All candidates for music graduate degrees in areas other than music performance are required to demonstrate a minimum level of music performance ability equivalent to the end of the second year for elective undergraduate students in that area. Proficiency may be demonstrated in any of three ways: (1) in person before a faculty auditioning committee, one voting member of which shall at the student’s request be a faculty member in the student’s major area; (2) by completion of performance study as a graduate outside area or minor; or (3) by two semesters of performance study as a graduate elective. The grade in each semester of performance study must be B or higher.
Please note that this examination is separate and distinct from the Keyboard Proficiency Examination, which is also required.
The performance proficiency examination will be offered in piano once each semester. The date (typically a Saturday close to the end of the semester) will be posted at the beginning of each semester outside JS204.
For Spring 2015, the exam will be held on Saturday, April 25.
Students wishing to take the Performance Proficiency examination for a given semester should contact Prof. Cartledge (firstname.lastname@example.org) before the beginning of the eighth week of the semester in order to request an examination, and to discuss appropriate repertoire.
For Spring 2015, the deadline for contacting Prof. Cartledge is February 27.
It is the student's responsibility to inform their own department of the scheduled exam, so that a faculty member in that department can be present for the exam if desired.
Students should prepare two or three substantial movements or pieces from distinct stylistic periods.

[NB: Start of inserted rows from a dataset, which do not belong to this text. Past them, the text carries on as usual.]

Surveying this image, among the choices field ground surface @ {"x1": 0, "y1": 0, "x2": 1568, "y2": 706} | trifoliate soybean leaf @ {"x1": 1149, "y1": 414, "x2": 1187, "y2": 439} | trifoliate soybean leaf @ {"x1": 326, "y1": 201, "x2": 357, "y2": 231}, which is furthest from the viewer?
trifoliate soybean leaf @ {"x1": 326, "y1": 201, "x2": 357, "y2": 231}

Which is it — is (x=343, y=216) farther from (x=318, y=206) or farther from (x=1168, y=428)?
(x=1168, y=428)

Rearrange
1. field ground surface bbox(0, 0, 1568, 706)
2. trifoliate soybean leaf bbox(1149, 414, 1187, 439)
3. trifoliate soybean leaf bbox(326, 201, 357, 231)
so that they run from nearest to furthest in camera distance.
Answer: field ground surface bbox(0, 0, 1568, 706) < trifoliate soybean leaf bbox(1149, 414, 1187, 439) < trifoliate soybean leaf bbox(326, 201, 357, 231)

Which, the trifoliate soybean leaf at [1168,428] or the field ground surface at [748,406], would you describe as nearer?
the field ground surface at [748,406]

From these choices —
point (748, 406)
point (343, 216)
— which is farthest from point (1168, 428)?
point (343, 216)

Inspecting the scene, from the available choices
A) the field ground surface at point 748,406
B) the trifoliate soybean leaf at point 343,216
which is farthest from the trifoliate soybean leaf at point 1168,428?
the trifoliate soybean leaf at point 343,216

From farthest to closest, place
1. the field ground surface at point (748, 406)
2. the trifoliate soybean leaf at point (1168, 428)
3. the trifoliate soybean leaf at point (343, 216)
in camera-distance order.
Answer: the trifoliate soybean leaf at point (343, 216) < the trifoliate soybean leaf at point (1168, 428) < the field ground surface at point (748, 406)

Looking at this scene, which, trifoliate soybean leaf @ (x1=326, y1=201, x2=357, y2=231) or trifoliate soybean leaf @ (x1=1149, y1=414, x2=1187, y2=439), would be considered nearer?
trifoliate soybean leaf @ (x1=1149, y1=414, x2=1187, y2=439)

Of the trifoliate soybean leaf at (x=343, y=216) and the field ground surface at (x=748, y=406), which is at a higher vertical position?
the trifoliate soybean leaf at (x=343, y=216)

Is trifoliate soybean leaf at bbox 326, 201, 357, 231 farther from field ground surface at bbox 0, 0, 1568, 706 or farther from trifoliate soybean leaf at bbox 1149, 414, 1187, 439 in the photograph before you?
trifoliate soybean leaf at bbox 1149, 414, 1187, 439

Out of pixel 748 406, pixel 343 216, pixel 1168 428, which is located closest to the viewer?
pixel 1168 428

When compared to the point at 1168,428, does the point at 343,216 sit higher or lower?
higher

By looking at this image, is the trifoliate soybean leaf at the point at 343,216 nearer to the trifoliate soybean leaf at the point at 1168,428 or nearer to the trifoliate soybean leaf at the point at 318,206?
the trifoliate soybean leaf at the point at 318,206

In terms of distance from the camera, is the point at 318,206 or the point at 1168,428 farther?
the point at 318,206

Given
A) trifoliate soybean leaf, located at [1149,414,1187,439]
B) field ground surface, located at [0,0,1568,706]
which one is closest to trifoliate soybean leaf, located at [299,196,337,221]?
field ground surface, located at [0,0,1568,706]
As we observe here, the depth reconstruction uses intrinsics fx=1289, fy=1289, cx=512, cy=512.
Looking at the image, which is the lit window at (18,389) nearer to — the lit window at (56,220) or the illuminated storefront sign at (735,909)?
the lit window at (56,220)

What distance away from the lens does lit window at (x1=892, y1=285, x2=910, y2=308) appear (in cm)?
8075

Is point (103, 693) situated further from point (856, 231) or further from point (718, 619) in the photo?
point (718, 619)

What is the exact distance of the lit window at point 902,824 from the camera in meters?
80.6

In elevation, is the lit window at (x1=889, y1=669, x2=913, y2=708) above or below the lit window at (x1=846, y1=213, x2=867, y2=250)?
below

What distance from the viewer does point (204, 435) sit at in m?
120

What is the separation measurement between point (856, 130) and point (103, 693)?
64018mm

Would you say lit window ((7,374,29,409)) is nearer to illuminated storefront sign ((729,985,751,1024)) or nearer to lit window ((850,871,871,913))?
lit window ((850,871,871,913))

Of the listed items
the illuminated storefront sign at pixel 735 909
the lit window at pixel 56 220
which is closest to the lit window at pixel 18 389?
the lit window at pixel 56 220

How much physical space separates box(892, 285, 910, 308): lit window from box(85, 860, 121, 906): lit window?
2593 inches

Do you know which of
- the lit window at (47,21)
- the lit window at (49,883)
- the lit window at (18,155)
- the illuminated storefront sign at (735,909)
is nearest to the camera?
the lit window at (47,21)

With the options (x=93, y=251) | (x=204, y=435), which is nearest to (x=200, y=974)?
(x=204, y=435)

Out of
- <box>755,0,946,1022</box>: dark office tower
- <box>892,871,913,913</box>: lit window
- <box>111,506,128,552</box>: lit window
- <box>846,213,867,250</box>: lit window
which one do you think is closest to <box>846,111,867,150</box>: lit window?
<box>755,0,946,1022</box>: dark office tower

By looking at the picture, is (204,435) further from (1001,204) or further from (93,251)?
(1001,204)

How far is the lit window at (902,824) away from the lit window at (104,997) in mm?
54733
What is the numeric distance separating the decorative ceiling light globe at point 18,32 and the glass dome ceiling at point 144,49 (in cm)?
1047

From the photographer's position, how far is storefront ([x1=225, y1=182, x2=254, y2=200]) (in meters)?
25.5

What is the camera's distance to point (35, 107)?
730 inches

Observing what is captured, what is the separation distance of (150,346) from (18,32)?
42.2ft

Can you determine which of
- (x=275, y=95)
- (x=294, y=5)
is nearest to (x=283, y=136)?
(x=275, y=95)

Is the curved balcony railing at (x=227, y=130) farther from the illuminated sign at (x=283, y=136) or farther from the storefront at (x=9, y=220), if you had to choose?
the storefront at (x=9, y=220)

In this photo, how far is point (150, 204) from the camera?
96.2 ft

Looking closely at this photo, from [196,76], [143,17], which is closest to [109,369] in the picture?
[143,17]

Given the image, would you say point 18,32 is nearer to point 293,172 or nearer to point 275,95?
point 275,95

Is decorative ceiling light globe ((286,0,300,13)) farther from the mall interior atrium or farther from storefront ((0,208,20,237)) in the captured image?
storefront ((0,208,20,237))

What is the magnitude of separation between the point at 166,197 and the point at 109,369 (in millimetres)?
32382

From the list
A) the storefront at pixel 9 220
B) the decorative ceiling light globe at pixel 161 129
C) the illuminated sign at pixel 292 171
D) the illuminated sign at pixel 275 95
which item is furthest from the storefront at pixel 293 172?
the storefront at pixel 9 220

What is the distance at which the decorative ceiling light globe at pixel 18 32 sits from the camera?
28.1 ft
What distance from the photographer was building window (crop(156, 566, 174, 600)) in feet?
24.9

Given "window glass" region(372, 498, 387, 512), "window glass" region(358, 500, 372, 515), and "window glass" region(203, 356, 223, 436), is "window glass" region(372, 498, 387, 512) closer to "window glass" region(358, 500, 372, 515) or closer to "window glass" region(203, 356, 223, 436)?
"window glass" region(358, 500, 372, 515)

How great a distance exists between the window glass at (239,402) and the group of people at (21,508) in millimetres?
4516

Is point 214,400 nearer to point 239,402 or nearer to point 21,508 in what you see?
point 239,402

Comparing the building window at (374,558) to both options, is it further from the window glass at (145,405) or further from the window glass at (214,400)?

An example of minimally acceptable repertoire would be:
- A Clementi Sonatina Allegro movement (for example from Op. 36)
- A Chopin prelude
- A Debussy Arabesque
Other repertoire may be acceptable--it is advisable to contact the department chair by email to determine whether the intended repertoire is appropriate.
It is recommended that students memorize their performance material. While memorization is not required, to perform at least part of the program from memory will reflect positively upon the performance.